The shootings took place as the Government was seeking to calm and steady the peace process after recent turmoil, with Tony Blair meeting Sinn Fein leaders Gerry Adams and Martin McGuinness in Downing Street to hear their criticisms of the direction of political talks.

Mr Blair was told by the delegation that the situation in Ulster was "grave", while the Prime Minister insisted that the peace process would not be derailed by the latest in a series of sectarian murders.

Back in Northern Ireland, the Stormont multi-party talks, which were supposed to get down to business on a detailed agenda, were adjourned for a time when news of the shooting came through. The man killed, Jim Guiney, was a family friend of Gary McMichael, leader of the Ulster Democratic party, which is the political wing of the UDA. He was married with four children.

Those involved in the talks now face the task of carrying on vital negotiations at a time when the din of war is all too audible from the streets outside. There is also a high possibility of violent UDA retaliation for the killing, which would then be followed by calls for the expulsion of the UDP from the talks.

Mr Guiney was at work in his small carpet shop at Dunmurry in south Belfast when a number of INLA gunmen entered and shot him several times. They ran off to make their getaway in a car later found burning in a republican area of west Belfast.

The INLA was responsible for last month's killing of leading loyalist Billy Wright inside the Maze prison. Four Catholics have been killed in retaliation since then. Security had already been stepped up as the cycle of killings continued, and will now be reviewed again.

The INLA does not regard itself as being on ceasefire and is against the present peace process. It would regard the collapse of the talks as a victory.

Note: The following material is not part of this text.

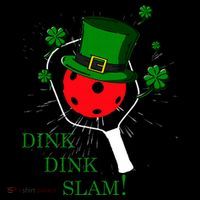 Pickleball St Patricks Day Leprechaun Dink Dink Slam Women's Hoodie thumb 2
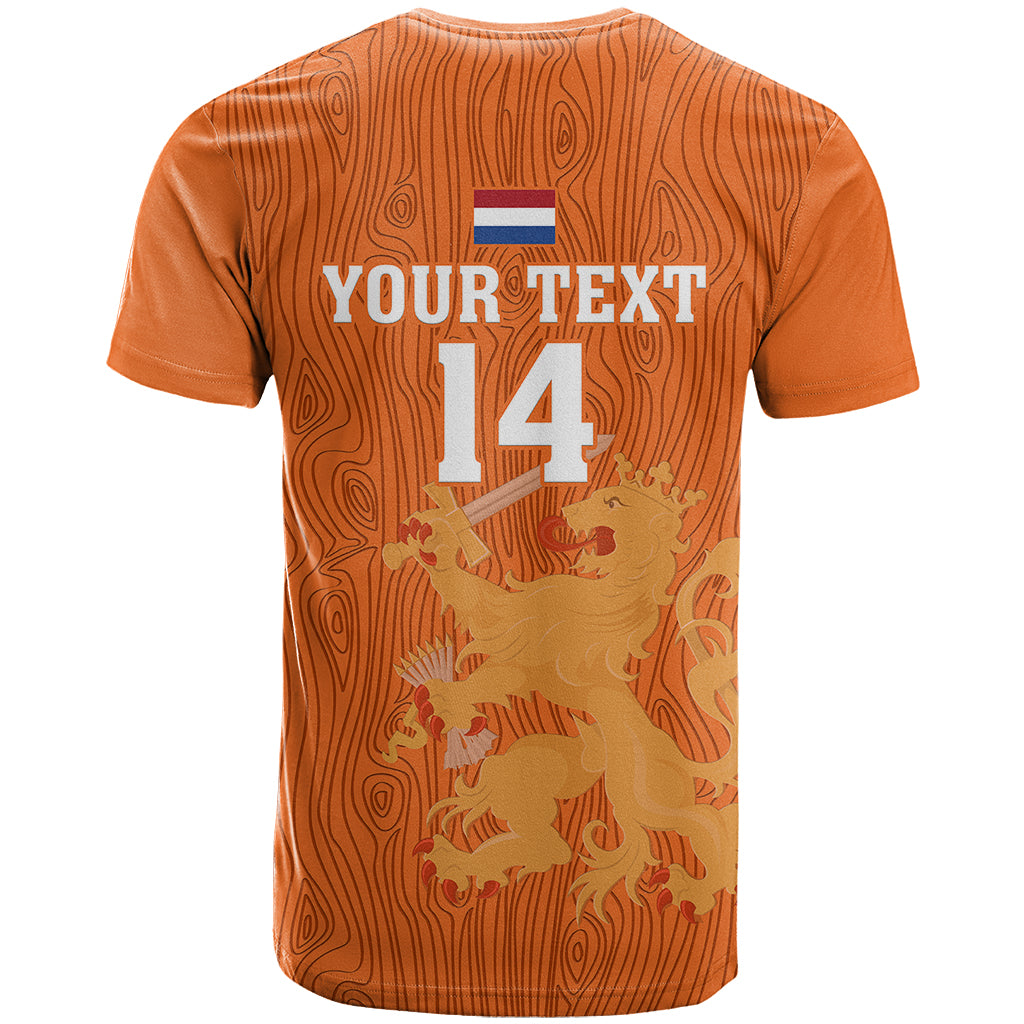 Custom Netherlands Football T Shirt Go Oranje 2023 World Cup - Wonder Print Shop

Mr McMichael said last night: "What we have here is a bunch of lunatics in the INLA who are trying to bring our entire society back into war again. I don't think that any of us are safe. There are people out there who are hell-bent on bringing further violence. Except for keeping our wits about us there is very little we can actually do."

In the early hours of Sunday morning the Loyalist Volunteer Force shot dead Fergal McCusker, a Catholic man on his way home from a night out. The killings have created an atmosphere of tension at a time when from a republican point of view the talks have not been going well.